Suivant étape par étape la vie de Bertha von Suttner, la naissance et le déroulé semé d’embûches, dont elle relevait indéfiniment le défi, de son engagement pour la paix, la biographe nous plonge en même temps dans l’histoire de l’Autriche et de l’Europe des années 1880 à 1914. C’est donc, avec comme support l’histoire militante d’un couple, car le baron Arthur von Suttner, mari de Bertha, accompagna constamment son combat, une remarquable étude sociale et politique de la période que nous livre Brigitte Hamann. Le découpage du récit suit bien entendu les étapes de la vie de Bertha von Suttner, les difficultés de l’existence auxquelles elle dut faire face, ses premiers essais comme femme de lettres jusqu’à la parution de son ouvrage choc Bas les armes (1889 – elle avait déjà 45 ans), fraîchement accueilli au demeurant, mais source incontestée de son engagement définitif en faveur de la paix. La biographe étudie en détail et toujours en situation, les refus, les incompréhensions, les abandons, mais aussi et grâce à l’inaltérable ténacité de Bertha, les soutiens obtenus et l’aboutissement de sa lutte pour la paix avec la tenue de la conférence internationale de la paix de La Haye (1899), du Congrès universel de la paix (Monaco, 1902), suivis de bien d’autres conférences et congrès. Ce combat s’accompagnait tout au long de l’apparition de nombreuses associations pour la paix ; il mena Bertha jusqu’à la Maison Blanche en 1904, la mit en relation avec le tsar de Russie et diverses autorités mondiales. Jusqu’à l’obtention du Prix Nobel de la paix en 1905, après lequel elle poursuivit son action.

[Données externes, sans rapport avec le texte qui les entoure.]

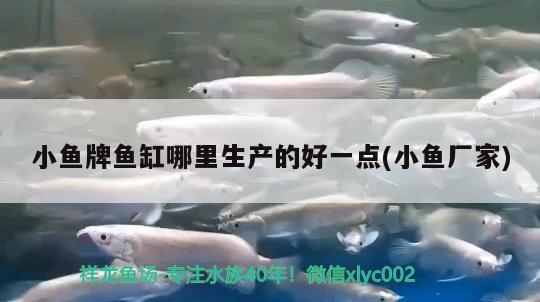 小魚(yú)牌魚(yú)缸哪里生產(chǎn)的好一點(diǎn)(小魚(yú)廠家) 白化火箭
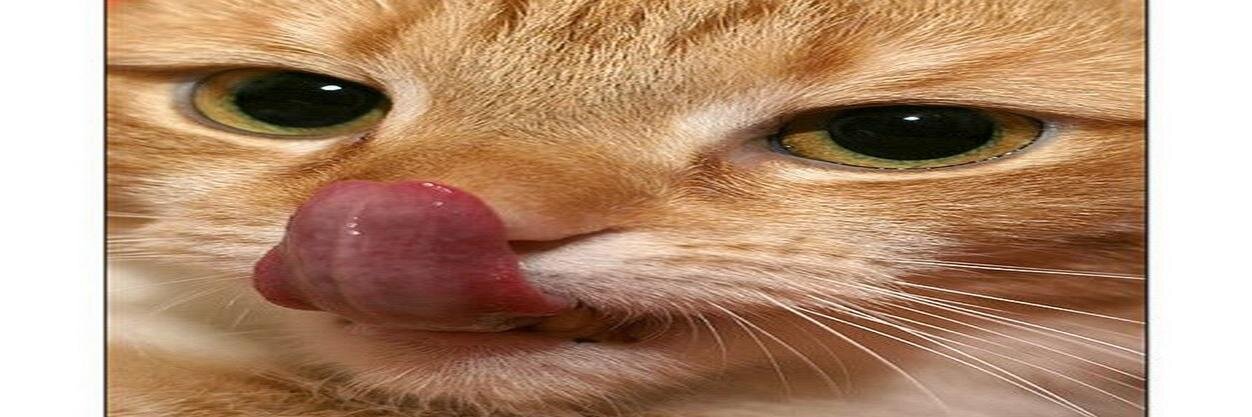 hallsoundsobas's profile banner image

Militante sans limites, Bertha von Suttner participa aussi à la Conférence internationale des femmes (Berlin 1904) et mena parallèlement, avec son mari Arthur, une intense lutte contre l’antisémitisme. Dans le chapitre qui traite de cet aspect on peut noter la puissance de l’antisémitisme dans l’Europe d’alors : « L’engagement de Bertha von Suttner contre l’antisémitisme finit par porter préjudice au bon renom des sociétés de la paix qui furent de plus en plus vilipendées, traitées “d’associations de juifs”, d’antiallemandes, antipatriotiques, de cosmopolites, d’impies » écrit Brigitte Hamann. Raisons pour lesquelles ce combat ne fut pas des plus faciles.

Les relations qu’avait nouées Bertha avec Alfred Nobel lors d’un séjour à Paris où elle avait travaillé pour lui furent l’occasion de soutiens financiers non négligeables de la part de l’industriel, même s’il ne manquait pas de désaccords entre eux au sujet du combat mené par l’héroïne du combat pacifiste. Elle fit aussi, assez tardivement, la connaissance de Jean Jaurès avec qui elle entretint une relation épistolaire, encore assez peu connue. Morte d’un cancer en 1913, Bertha échappa au désespoir de voir son œuvre impuissante à éviter une des plus grandes catastrophes de l’histoire.

Par le truchement de la biographie de son héroïne, Brigitte Hamann fait l’histoire d’une époque. Son livre fort bien traduit par Jean-Paul Vienne, se lit avec aisance et passion. Il présente en outre toutes les qualités d’un ouvrage universitaire : notes abondantes, glossaire, liste des journaux cités, abondantes notices biographiques, repères chronologiques sur la vie de Bertha von Suttner, liste de ses œuvres, liste des noms cités. Le tout éclairé par de nombreuses illustrations et citations que complète un cahier de photographies hors texte.